Kanth is only the second woman combat pilot to fly solo in a fighter aircraft after Flying Officer Avani Chaturvedi. The IAF officer achieved the feat when she flew in a MiG 21 Bison aircraft from Ambala Air Force Station at around 2 pm on March 16, 2018.
Flying Officers Kanth, Chaturvedi and Mohana Singh are the first women fighter pilots in the IAF. They were commissioned into the IAF in July 2016, less than a year after the fighter stream was opened for women on an experimental basis.
It was in October 2015 that the government had taken the decision to open the fighter stream for women in IAF. And in October 2017, history was created when the first three women fighter pilots of the country were given the green signal to fly military jets after completing a strenuous training in the next three weeks.

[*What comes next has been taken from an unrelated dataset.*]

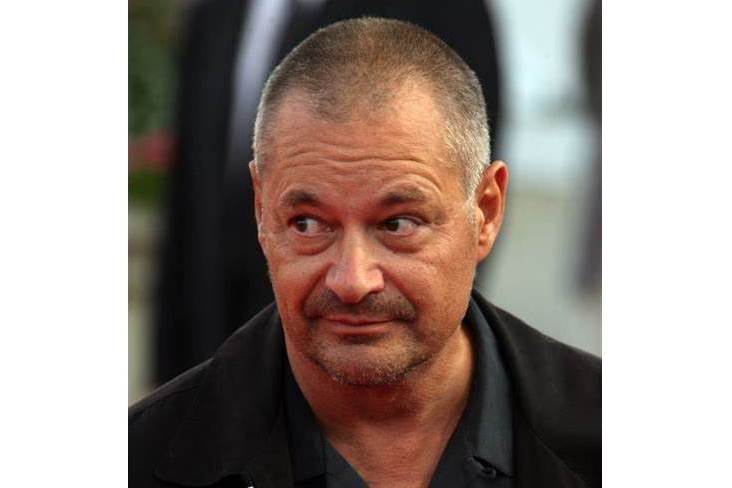 Jean-Pierre Jean-Pierre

Earlier, on March 8, 2018, on International Women’s Day, the IAF had released a video saluting the women in service. “Every woman inspires, nurtures and supports, but some wear overalls and combats boots as well,” they had said in the video, which had featured Chaturvedi, Kanth and Singh.
The video also showed women IAF personnel attending classes at fighter training wing along with their male counterparts and handling ground operations of the Indian Air Force.
#SilverJubileeOfWomenInIAF : Indian Air Force salutes the Strength and Spirit of the Brave Women on International Women’s Day 2018.
— Indian Air Force (@IAF_MCC) March 8, 2018
The video had come days after Chaturvedi had created history by becoming the first Indian woman fighter pilot to fly a fighter aircraft. On February 21, 2018, she had flown a MiG-21 Bison in her first solo flight in Jamnagar, Gujarat. MiG-21 Bison has the highest landing and take-off speed in the world - 340 km/ph.